= ACTIVITY =
As an exercise, transcribe the data below in full and exactly, omitting pictures.

= INPUT RECORDS =
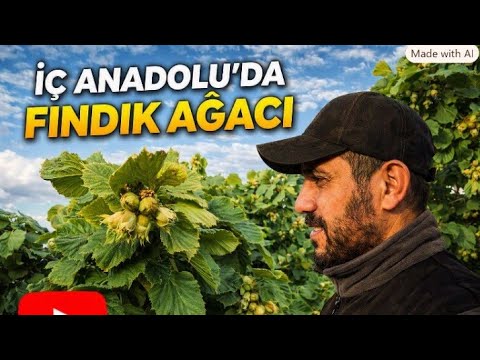 KÖYDE KONYA'NIN KÖYÜNDE FINDIK AĞACI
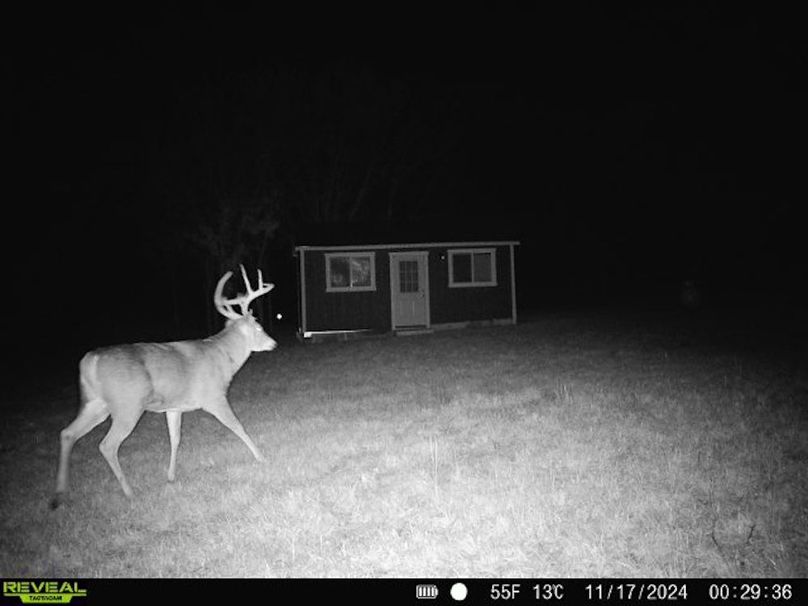 868032068385099-100-4-11172024002936-W1006736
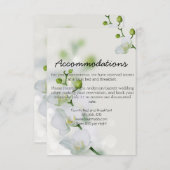 Soft Elegant Orchid Informatiekaartje (Voorkant / Achterkant)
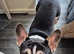 French Bulldog KC Registered 14mths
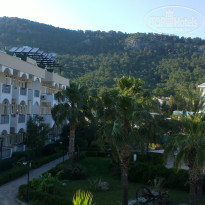 фото из отзыва ID 1176727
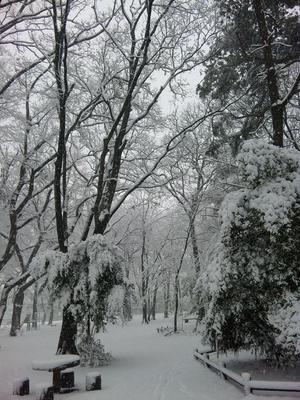 120229_092207.jpg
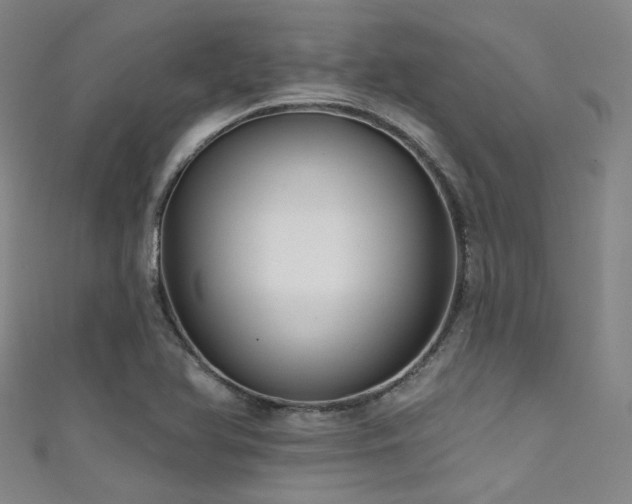 X0000111591366200907161445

= SOLUTION TO THE EXERCISE =
 KÖYDE KONYA'NIN KÖYÜNDE FINDIK AĞACI
 868032068385099-100-4-11172024002936-W1006736
 Soft Elegant Orchid Informatiekaartje (Voorkant / Achterkant)
 French Bulldog KC Registered 14mths
 фото из отзыва ID 1176727
 120229_092207.jpg
 X0000111591366200907161445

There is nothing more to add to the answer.